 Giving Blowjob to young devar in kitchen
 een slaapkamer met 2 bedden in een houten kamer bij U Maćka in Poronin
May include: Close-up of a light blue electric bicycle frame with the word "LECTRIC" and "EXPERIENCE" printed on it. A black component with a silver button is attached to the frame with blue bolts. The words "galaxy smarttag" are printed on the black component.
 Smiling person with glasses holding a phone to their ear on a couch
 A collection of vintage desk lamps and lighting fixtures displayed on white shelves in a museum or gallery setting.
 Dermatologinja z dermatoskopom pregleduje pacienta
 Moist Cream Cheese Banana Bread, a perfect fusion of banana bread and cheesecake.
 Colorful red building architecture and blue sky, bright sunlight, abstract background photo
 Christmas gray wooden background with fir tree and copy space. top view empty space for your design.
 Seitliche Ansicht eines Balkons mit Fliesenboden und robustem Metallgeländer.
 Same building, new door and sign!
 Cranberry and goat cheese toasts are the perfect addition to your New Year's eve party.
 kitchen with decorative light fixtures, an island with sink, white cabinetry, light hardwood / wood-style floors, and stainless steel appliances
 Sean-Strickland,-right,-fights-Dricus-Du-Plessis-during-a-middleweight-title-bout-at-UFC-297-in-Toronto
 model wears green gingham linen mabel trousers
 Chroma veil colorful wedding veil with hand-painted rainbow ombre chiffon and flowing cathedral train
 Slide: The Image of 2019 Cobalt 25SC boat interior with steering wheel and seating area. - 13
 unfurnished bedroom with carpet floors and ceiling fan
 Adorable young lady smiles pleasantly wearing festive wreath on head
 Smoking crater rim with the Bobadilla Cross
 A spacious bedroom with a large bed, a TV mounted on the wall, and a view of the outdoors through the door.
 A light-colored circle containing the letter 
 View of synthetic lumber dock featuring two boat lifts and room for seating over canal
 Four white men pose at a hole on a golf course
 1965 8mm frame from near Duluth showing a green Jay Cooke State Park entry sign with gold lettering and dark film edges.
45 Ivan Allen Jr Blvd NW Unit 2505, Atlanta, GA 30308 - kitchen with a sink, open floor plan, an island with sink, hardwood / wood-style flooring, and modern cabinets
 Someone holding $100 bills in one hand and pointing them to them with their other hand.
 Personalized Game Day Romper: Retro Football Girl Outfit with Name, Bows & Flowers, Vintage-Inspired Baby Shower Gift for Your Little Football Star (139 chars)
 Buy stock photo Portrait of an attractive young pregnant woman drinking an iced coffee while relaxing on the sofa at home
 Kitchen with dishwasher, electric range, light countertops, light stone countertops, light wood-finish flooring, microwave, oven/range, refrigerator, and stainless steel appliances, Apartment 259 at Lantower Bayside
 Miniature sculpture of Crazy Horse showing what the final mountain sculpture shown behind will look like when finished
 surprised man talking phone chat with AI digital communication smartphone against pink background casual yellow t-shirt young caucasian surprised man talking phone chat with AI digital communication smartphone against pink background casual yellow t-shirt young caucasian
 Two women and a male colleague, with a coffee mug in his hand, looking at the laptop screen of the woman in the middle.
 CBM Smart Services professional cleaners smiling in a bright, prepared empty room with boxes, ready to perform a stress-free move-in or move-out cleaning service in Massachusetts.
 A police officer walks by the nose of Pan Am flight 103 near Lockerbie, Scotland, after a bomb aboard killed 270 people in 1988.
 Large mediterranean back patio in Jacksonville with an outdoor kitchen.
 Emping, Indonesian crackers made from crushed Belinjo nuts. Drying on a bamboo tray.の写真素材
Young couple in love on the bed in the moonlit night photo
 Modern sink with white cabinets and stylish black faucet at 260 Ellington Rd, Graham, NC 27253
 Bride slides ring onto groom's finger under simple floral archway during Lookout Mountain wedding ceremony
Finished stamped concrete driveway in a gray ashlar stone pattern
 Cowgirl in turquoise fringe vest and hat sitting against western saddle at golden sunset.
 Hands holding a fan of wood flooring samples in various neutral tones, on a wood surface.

○ ○ ○ ○

Each line from the first line of the listing through the line containing "Moist Cream Cheese" must be set down exactly; no other line belongs in the answer.

 Giving Blowjob to young devar in kitchen
 een slaapkamer met 2 bedden in een houten kamer bij U Maćka in Poronin
May include: Close-up of a light blue electric bicycle frame with the word "LECTRIC" and "EXPERIENCE" printed on it. A black component with a silver button is attached to the frame with blue bolts. The words "galaxy smarttag" are printed on the black component.
 Smiling person with glasses holding a phone to their ear on a couch
 A collection of vintage desk lamps and lighting fixtures displayed on white shelves in a museum or gallery setting.
 Dermatologinja z dermatoskopom pregleduje pacienta
 Moist Cream Cheese Banana Bread, a perfect fusion of banana bread and cheesecake.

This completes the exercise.